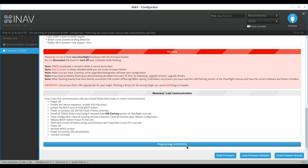Unplug your flight controller from the USB cable, plug it back in, and click Connect.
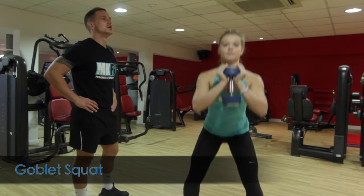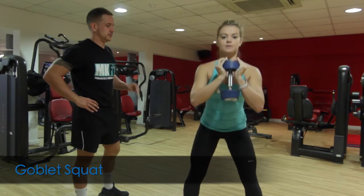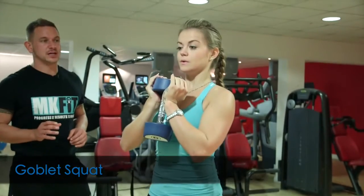Cloudy is demonstrating the goblet squat. Again, like other squats, this is hitting most of the muscles in the bottom half of the body: glutes, quadriceps, and hamstrings.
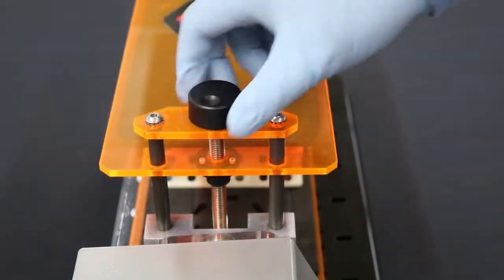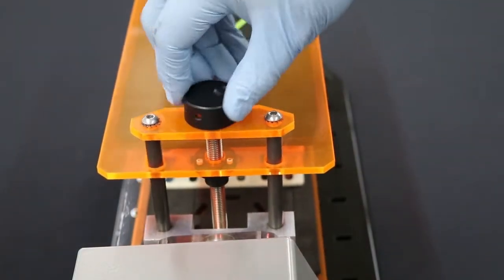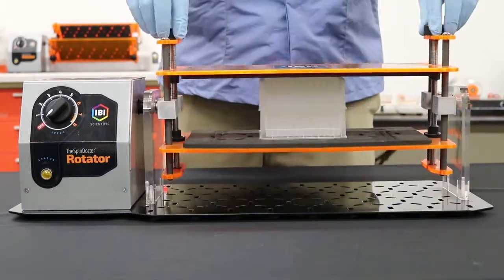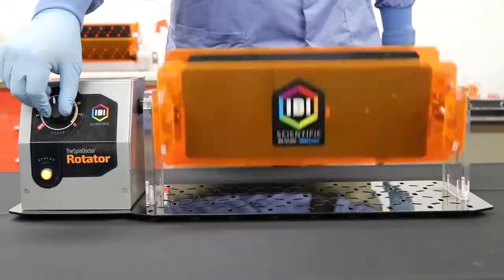Turn the knobs clockwise to loosen and counterclockwise to tighten. Stack your 96 well plates inside the Spin Doctor and spin the plates.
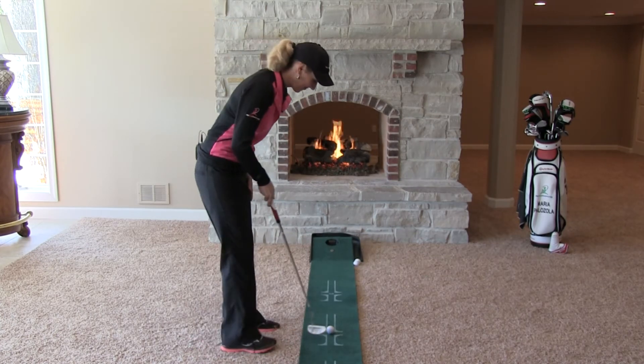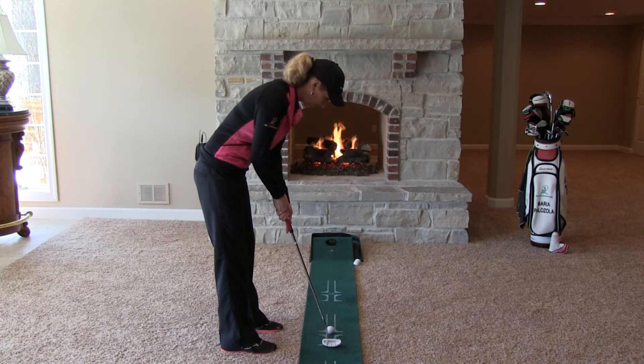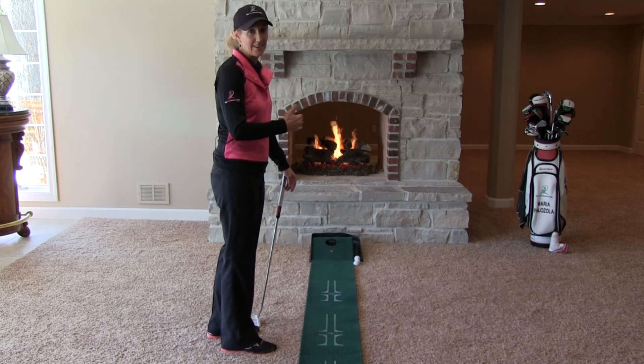So here's how it's done. You can see I hit the quarter, so I'm content because I know that was dead center. It's simple and it works.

_Task prompt:_ Omit the pictures and reproduce the listing exactly.

_Answer box:_
Unplug your flight controller from the USB cable, plug it back in, and click Connect.
Cloudy is demonstrating the goblet squat. Again, like other squats, this is hitting most of the muscles in the bottom half of the body: glutes, quadriceps, and hamstrings.
Turn the knobs clockwise to loosen and counterclockwise to tighten. Stack your 96 well plates inside the Spin Doctor and spin the plates.
So here's how it's done. You can see I hit the quarter, so I'm content because I know that was dead center. It's simple and it works.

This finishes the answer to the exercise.